Tuesday, April 8, 2014
RICHARD PRESTON has recently completed Michael Crichton’s unfinished last novel, MICRO.
Preston has written nine books, including The Hot Zone, The Demon in the Freezer, and The Wild Trees. His books have been translated into more than 30 languages, and most of them have first appeared as articles in The New Yorker. Preston has won numerous awards, including the American Institute of Physics Award and the National Magazine Award. He’s also the only person not a medical doctor ever to receive the Centers for Disease Control’s Champion of Prevention Award for public health. An asteroid is named “Preston” after him. (Asteroid Preston is a ball of rock three miles in diameter, traveling on a wild orbit near Mars.)
He’s the brother of bestselling author Douglas Preston.
Richard Preston lives outside New York City with his wife, Michelle. They have three children.
RICHARD PRESTON TELLS HIS STORY …
Writing Method
I’m a humanist, steeped in the humanities, but have loved science since childhood. In my writing, I explore and describe hidden worlds of nature, from viruses, to galaxies, to insects, to the labyrinth of the redwood canopy. The central subject of writing is human character, of course, and I tell nonfiction dramas about the struggles of people as they try to understand nature and themselves.
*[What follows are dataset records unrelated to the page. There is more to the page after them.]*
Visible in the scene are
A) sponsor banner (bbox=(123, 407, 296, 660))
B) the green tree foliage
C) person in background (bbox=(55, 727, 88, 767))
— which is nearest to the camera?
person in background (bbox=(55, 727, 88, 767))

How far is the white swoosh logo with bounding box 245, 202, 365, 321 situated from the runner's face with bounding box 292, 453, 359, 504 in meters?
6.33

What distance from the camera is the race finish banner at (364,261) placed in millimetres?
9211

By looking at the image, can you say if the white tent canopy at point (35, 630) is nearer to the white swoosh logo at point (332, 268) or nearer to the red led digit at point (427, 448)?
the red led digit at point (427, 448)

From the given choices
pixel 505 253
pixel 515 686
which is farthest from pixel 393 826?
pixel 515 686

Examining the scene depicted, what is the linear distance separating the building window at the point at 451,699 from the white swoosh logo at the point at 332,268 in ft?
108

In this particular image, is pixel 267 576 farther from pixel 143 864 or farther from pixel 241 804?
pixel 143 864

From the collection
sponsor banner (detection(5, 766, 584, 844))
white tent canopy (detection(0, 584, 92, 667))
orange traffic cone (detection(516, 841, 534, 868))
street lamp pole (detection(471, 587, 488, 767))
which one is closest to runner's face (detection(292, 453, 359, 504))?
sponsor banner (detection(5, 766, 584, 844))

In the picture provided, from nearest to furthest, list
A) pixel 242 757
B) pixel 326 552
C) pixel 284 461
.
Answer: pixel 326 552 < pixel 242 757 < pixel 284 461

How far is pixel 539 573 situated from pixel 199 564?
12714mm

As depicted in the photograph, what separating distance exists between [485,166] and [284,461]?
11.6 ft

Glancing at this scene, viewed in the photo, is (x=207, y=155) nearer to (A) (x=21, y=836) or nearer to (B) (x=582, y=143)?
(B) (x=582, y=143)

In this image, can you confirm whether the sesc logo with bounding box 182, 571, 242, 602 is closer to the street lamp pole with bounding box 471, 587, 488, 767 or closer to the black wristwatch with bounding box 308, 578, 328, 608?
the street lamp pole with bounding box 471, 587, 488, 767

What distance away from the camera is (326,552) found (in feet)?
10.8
When I’m researching a book, I immerse myself in the lives of my subjects. I try to experience their worlds from within. I take extensive notes in small notebooks that I carry in my pocket. I use a digital camera, too. I am a compulsive fact-checker, calling people on the telephone, re-interviewing them, checking what I’ve written, doing my best to confirm verifiable details. (I once spent hours with Colonel Nancy Jaax at her kitchen table, inspecting her hands carefully so that I could describe her hands. At the same time, I was asking Colonel Jaax things like “What was going through your mind at the moment you discovered you had Ebola blood running around inside your space suit?”)
In breaking through the membrane of isolation that keeps our minds apart in rooms of separate consciousness, a reporter has to forget his own self and try to imagine another self. You try to open yourself to the Other. The Other is the world that is not you, and may have little or nothing to do with you. You watch, feel, listen, ask questions, try to keep yourself humble, and wait. Every now and then something wonderful occurs. It happens like a whale breaching, usually without warning. I whip out my notebook and start scribbling.
Childhood
I was born in Cambridge, Massachusetts, on August 5, 1954, and grew up in Wellesley, a suburb of Boston. As a child, I was shy. At age nine, I discovered books. I began reading adult books. It was an escape from shyness and a way of experiencing worlds almost beyond imagining. After school I would walk to the town library and dig into the science book section. That was where I read, at age ten, about astronomer Edwin Hubble’s discovery that the galaxies are moving away from one another, that the universe is expanding, and that it began with the Big Bang. It impressed me no end.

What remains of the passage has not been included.